While H. Bedford-Jones (1887-1949) had stories in a several pulp magazines, he was also able to get a few in Weird Tales.
Among these was a short, four-story series called “The Adventures of a Professional Corpse” that ran in the July, September, and November 1940, and March 1941 issues. The series was cover featured in July, with a nice Margaret Brundage cover.
Steeger Books has reprinted the whole series in a single volume, Adventures of a Professional Corpse, as part of their H. Bedford-Jones Library. The Brundage cover is used as the cover of the volume, and we get the interior artwork that appeared with three of the stories, but I am not sure of the artist. We also get the covers of all the four issues on the back.
The Battered Silicon Dispatch Box has also reprinted the whole series in a single volume as part of their Pocketbook Lost Treasures of the Pulp series, with the Brundage cover as well and I assume the interior artwork as well.
James F. Bronson is our “professional corpse.” He takes on assignments that have him “die” as part of the work, but nothing illegal. We learn his background in the first story, that he has been doing as his career for a dozen years. A poor farmer from western Canada, he found that due to a unique physiology and a strange draught brought back by an uncle, he can appear dead to most tests. The first story, which mentions a couple of other cases covered in the other stories, tells of his first “case.”

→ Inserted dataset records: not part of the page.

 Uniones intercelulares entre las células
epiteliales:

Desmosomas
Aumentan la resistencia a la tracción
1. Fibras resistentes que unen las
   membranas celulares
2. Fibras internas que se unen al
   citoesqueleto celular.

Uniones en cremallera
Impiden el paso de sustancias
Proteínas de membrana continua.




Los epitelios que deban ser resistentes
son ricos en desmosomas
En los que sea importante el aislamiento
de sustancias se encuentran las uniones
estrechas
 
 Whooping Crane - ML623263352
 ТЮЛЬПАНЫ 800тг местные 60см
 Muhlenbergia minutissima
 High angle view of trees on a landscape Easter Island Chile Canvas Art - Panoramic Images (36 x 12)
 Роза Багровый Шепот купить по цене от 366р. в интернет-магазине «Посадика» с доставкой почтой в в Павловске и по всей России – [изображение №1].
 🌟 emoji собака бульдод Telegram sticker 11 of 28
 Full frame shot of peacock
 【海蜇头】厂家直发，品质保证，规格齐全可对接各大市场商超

In his first outing, he is hired by an attorney to help the case of his client. She is a widow of a very rich man and is the guardian of his daughter, now 18. But the man’s sister is trying to become the daughter’s guardian, obviously to get control of more of the estate. Bronson is slowly introduced to them, and winds up marrying the daughter. How does this help them? Read and find out.

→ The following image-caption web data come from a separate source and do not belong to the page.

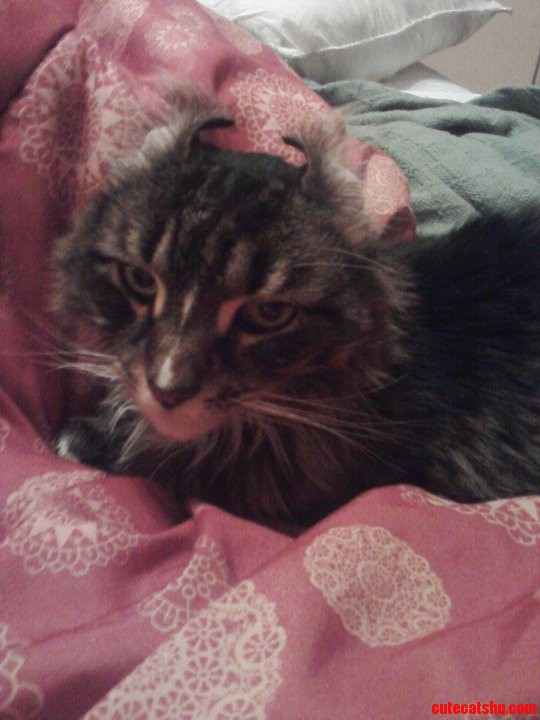 Last Year My Cat Rolled Over and Became a Child of Satan.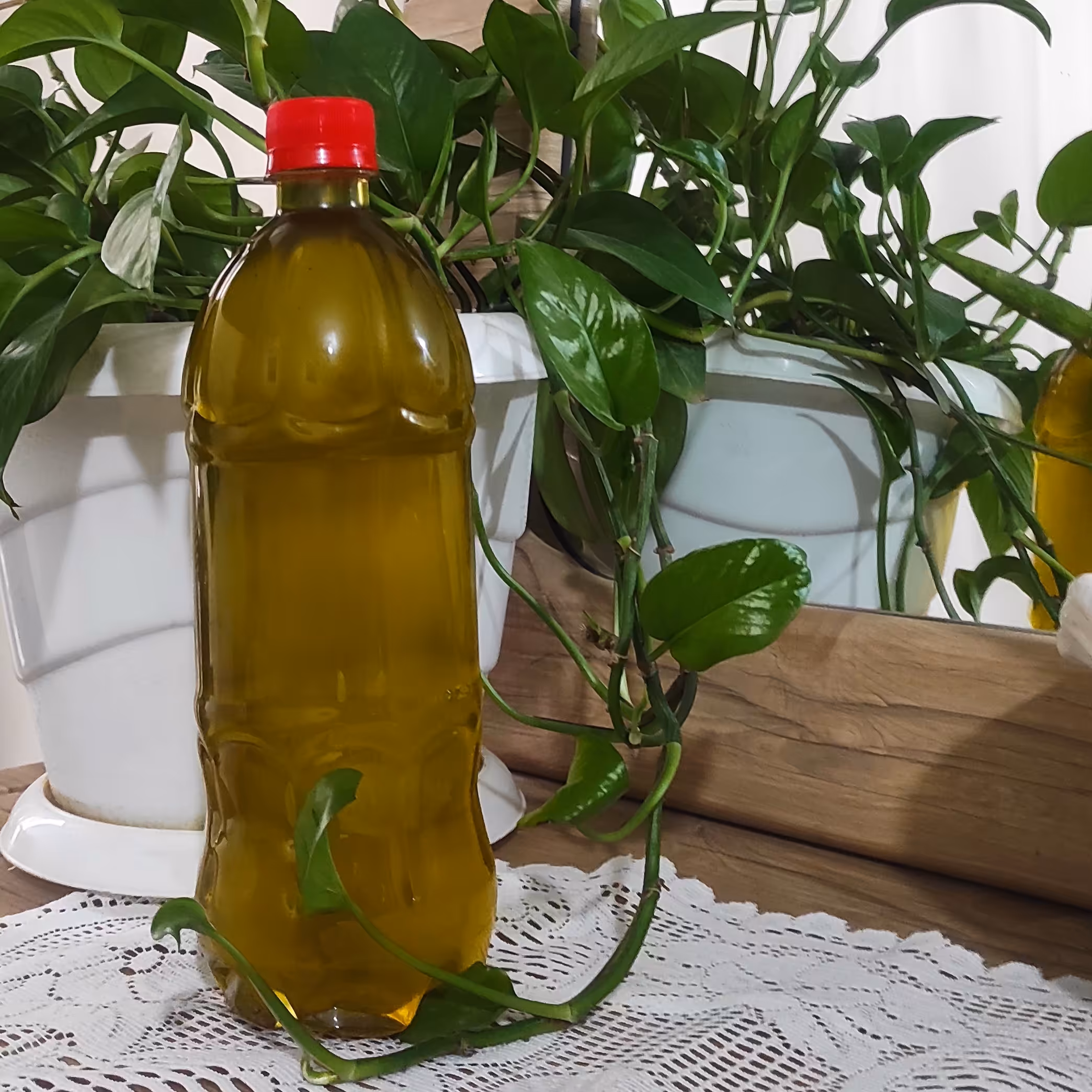 روغن زیتون بکر (بی بو)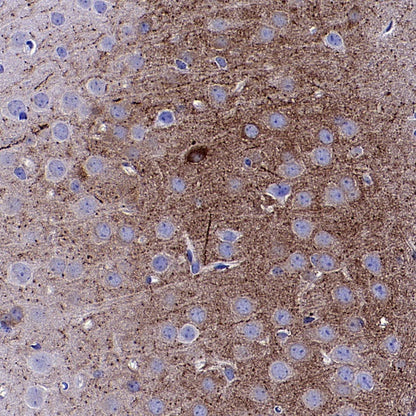 nNOS Recombinant Rabbit mAb (S-1641-70)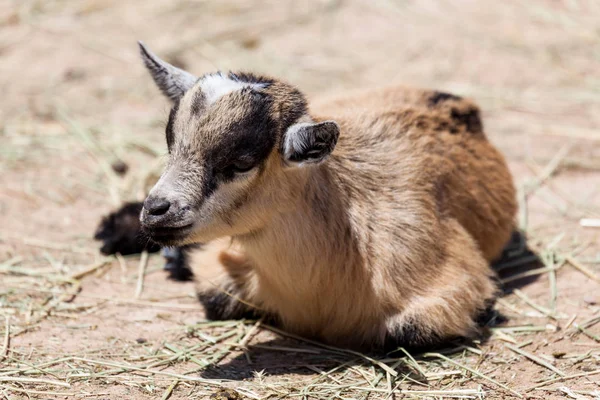 Bebé cabra acostado en el sol —  Fotos de Stock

By the time of the event in the second story, Bronson has teamed up with a doctor, Dr. Roesch, who appears in the rest of this series. This time he will help a young woman who is an unmarried mother, working as a “strip dancer.” By appearing as her husband, she can get her parents to accept her daughter. But is there more to this?
The third story tells of an event where Dr. Roesch has joined him. This time Bronson is hired by a flower shop owner who is really a gangster who runs half the rackets in town. But he’s not your usual gangster, never having killed anyone, nor does he have any killers in his employ. He needs Bronson to pull a prank on his wife that will also help his standing among some of his associates. While successful in one way, it goes bad in another.

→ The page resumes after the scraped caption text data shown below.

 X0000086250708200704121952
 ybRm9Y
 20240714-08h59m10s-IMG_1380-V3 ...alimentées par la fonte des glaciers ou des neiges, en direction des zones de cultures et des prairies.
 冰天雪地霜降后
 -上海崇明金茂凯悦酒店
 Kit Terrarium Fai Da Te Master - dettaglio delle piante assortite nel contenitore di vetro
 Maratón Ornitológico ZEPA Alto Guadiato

The final story gives us Bronson’s final case. Here the two are engaged by a man to expose a medium who had swindled his wife after the death of their child. And when she realized he was a fraud, the shock killed her. Bronson and the widower are successful, but things don’t work out quite as they or we would expect. And both Bronson and Dr. Roesch retire from this work.
Overall, it’s an interesting little series. The whole theme of the series is weird, so probably most appropriate for Weird Tales, especially with the final story. I’m not sure why this series had only four stories. I’ve seen this with many other brief Bedford-Jones series that have only four stories in them, which are planned as such; others are set for six stories. Were these standards of some such? I am reminded of comicbook mini-series that were created in the 1980s and how many where four issues. So I can only think Bedford-Jones could come up with only four scenarios, and created this finite series of stories.
In addition to these works and a reprinted novel, Bedford-Jones has six short stories in Weird Tales, including one under a pseudonym. I think it would be great if all of those were collected into a single volume, say “H. Bedford-Jones in Weird Tales” or the like.